A greater residence time can be employed, e .g., 1 second or more, but serves no useful
purpose.
[0012] The hot effluent from the secondary combustion zone 204 of the incinerator is fed
to a boiler 216 wherein heat in the effluent is used to generate steam, and the temperature
of the hot effluent is reduced to about to 204° to 288°C (400° to 550°F), typically
about 232°C (450°F). In order to protect the downstream catalyst bed, which will be
described below, against fouling and possible deactivation, it is important that any
SO₂, and HCl and like acidic materials be removed from the gas before it reaches the
catalyst. Removal of SO₂ HCl, and the like, from the gas is achieved by means of an
alkaline absorbent, e.g., sodium carbonate, sodium bicarbonate, sodium hydroxide,
calcium carbonate, and the like, either in dry form or as an aqueous solution or suspension,
or other means, introduced through inlet 218. Removal of these corrosive substances
is important not only to protect the catalyst but in order to protect the downstream
equipment itself against damage. The effluent gas from the incinerator may also carry
along some ash and other solid particles. These solid materials are suitably separated
from the gas in any convenient manner, e.g., by passing the gas through a bag house
220, the separated ash, and the like, being removed through drain line 222. At this
point, the effluent gas stream is still oxygen deficient in terms of the stoichiometric
relationship between its content of oxygen and combustible material, e.g., fuel. Thereupon,
it is passed into conduit 224.
[0013] The gas is, however, low in NOX and the treatment of the gases flowing through the
system has brought about a reduction of any NOX formed, or a suppression of the formation
of the NOX, without the use of ammonia or like treatment widely used in the prior
art. In order, however, to utilize to the maximum the heat potential of the gas and
any fuel which it may contain, air is added to the stream in conduit 224 and the resulting
gaseous stream is passed to a gas-treatment unit 226 wherein the gas stream is passed
over an oxidizing catalyst. The air is added in an amount relative to the stream in
conduit 224 such that the resulting stream will contain oxygen stoichiometrically
in excess of the amount needed to burn any fuel or other combustible material which
may be present in the stream, e.g. , 10% to 50% excess. Thus, products at approximately
the boiler discharge temperature, e.g., 232°C (450°F). are mixed with air and passed
over an oxidizing catalyst.
[0014] Either noble metal oxidizing catalysts such as platinum or palladium, or base metal
oxides, such as copper oxide, chrome oxide, or manganese oxide, or the like, may be
used for this purpose. The noble metal oxidizing catalysts, e.g., platinum or palladium
catalysts, are most suitably the noble metals deposited in the zero valent state upon
a support, such as alumina, silica, kiesel-guhr, or a metal alloy, and the like. The
metal oxide catalysts are also most suitably the metal oxides supported on supports
of this character. The making of such catalysts is well known to persons skilled in
the art. Catalyst volumes will vary depending on the particular catalyst used. Ordinarily,
the quantity of catalyst and the flow rate are such that the space velocity is typically
in the range of 30,000 to 50,000 hr.⁻¹.
[0015] Data indicate that NOX levels in the parts per billion range can be realized by the
combined reduction-oxidation operations of this invention. The oxidized gaseous effluent
from the unit 226 passes into a conduit 227 which leads to an economizer or a low-pressure,
waste heat boiler, or the like, indicated at 228, and the heat content of the oxidized
gaseous effluent is extracted to the maximum amount economically feasible. As seen
in the drawing, the boiler feed water, which is first passed in indirect heat-exchange
relationship through economizer 228, is heated by heat exchange with the gas and is
passed via line 229 to boiler 216. The cooled gas at a temperature of about 149 to
204°C (300° to 400°F) is then discharged through an outlet conduit 230 into a stack
232 and vented to the atmosphere with the assurance that the vented effluent will
comply with NOX emission standards. It will have a NOX content of less than 50 ppm.
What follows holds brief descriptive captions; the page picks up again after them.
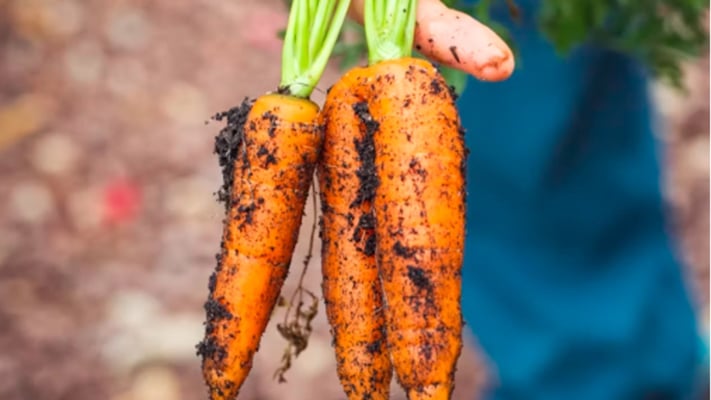 Why organic farming is more myth than miracle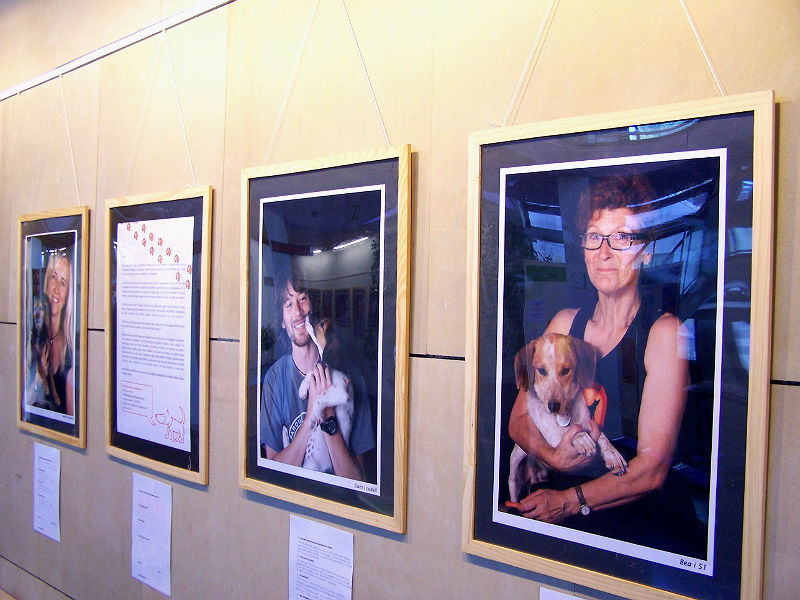 Expo S.Oleguer Expo S.Oleguer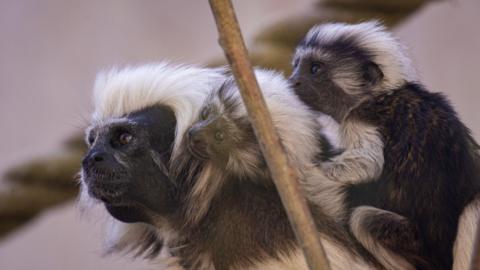 A black and white tamarin carrying two infants on its back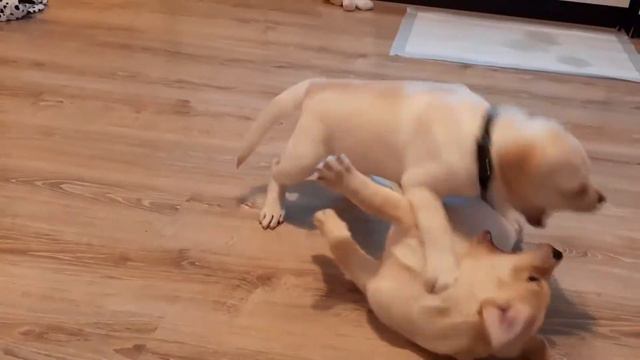 Вся семейка;) смотреть онлайн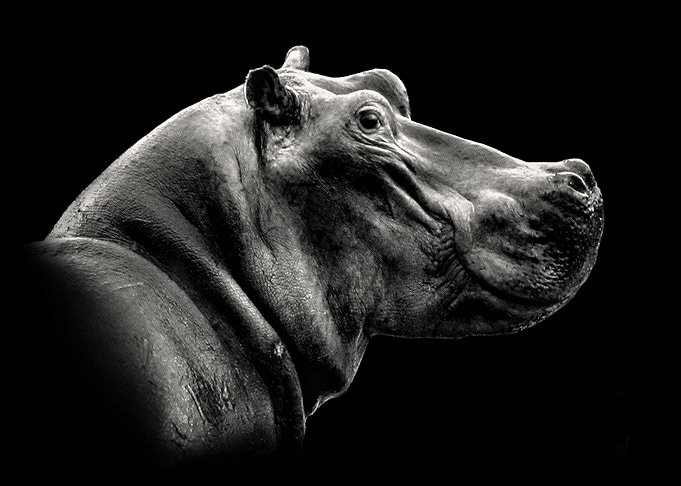 Hippo Face Close Up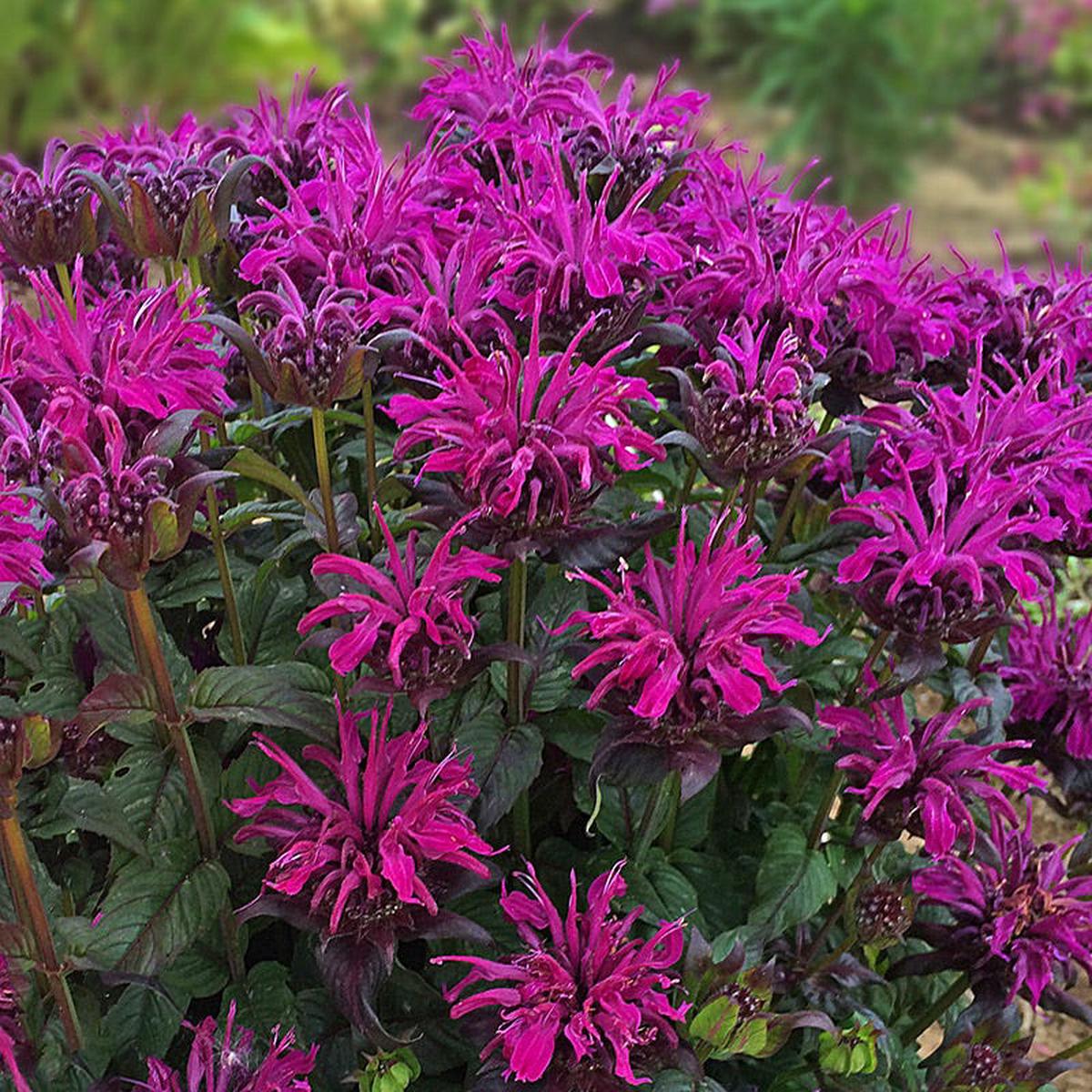 Sugar Buzz Rockin' Raspberry Bee Balm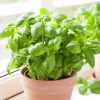 Italian Leaf Basil Live Plant - 2 Plants in 4-Inch Pot - Culinary Herb - Image 1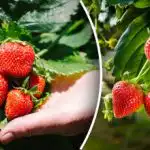 Tajomstvo jarnej výsadby jahôd: ako získať bohatú úrodu hneď na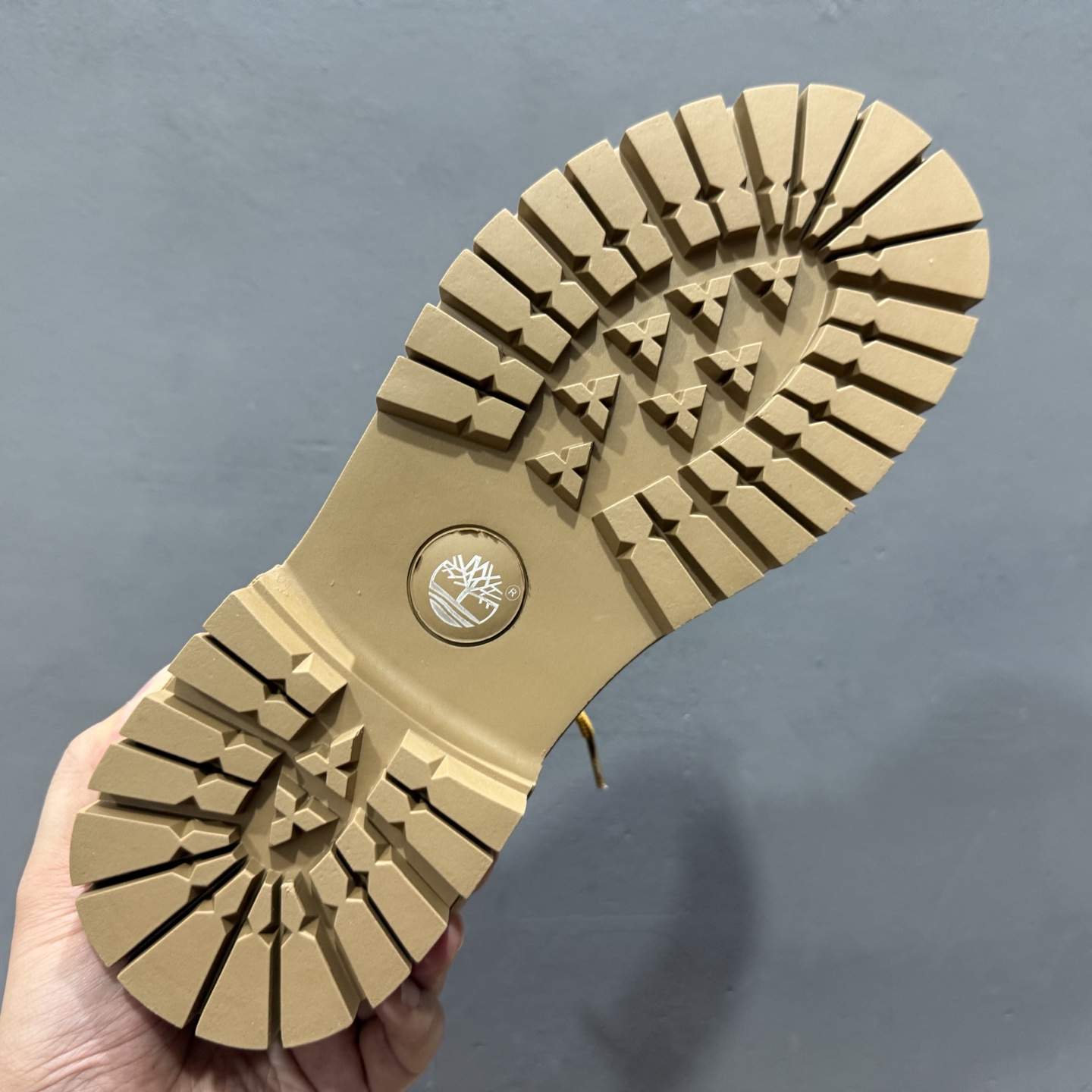 独家实拍Timberland 天伯伦/添柏岚经典款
[0016] It will, of course, be understood that in the foregoing description of the drawing,
reference to an incinerator, boiler, waste-heat boiler, economizer, gas treatment
unit, and the like, contemplates the use of standard equipment well known to persons
skilled in the art. The gas treatment unit, for example, can be any container adapted
for gas passage and containing an oxidizing catalyst.
[0017] Minimizing the formation of oxides of nitrogen in combustion, in accordance with
the invention, offers several advantages over the current state of the art. This process
does not require that a potentially obnoxious gas, such as ammonia, be injected into
the system; the reaction conditions do not require that a narrowly-controlled temperature
be maintained for the reduction of oxides of nitrogen to occur; the operating conditions
are compatible with conventional incineration conditions; and greater NOX reduction
efficiencies can be achieved.
[0018] The following example will serve more fully to illustrate the features of the invention.
[0019] In a typical operation, the primary combustion zone of an incinerator is fed with
solid or liquid hazardous waste, auxiliary fuel, and air to produce a combustible
mixture which is combusted at a temperature of 816° - 1093°C (1500° - 2000°F). to
produce a stream of combustion products. The effluent stream from the primary combustion
zone at a temperature of about 816° -1093°C (1500° - 2000°F). contains about 4% oxygen.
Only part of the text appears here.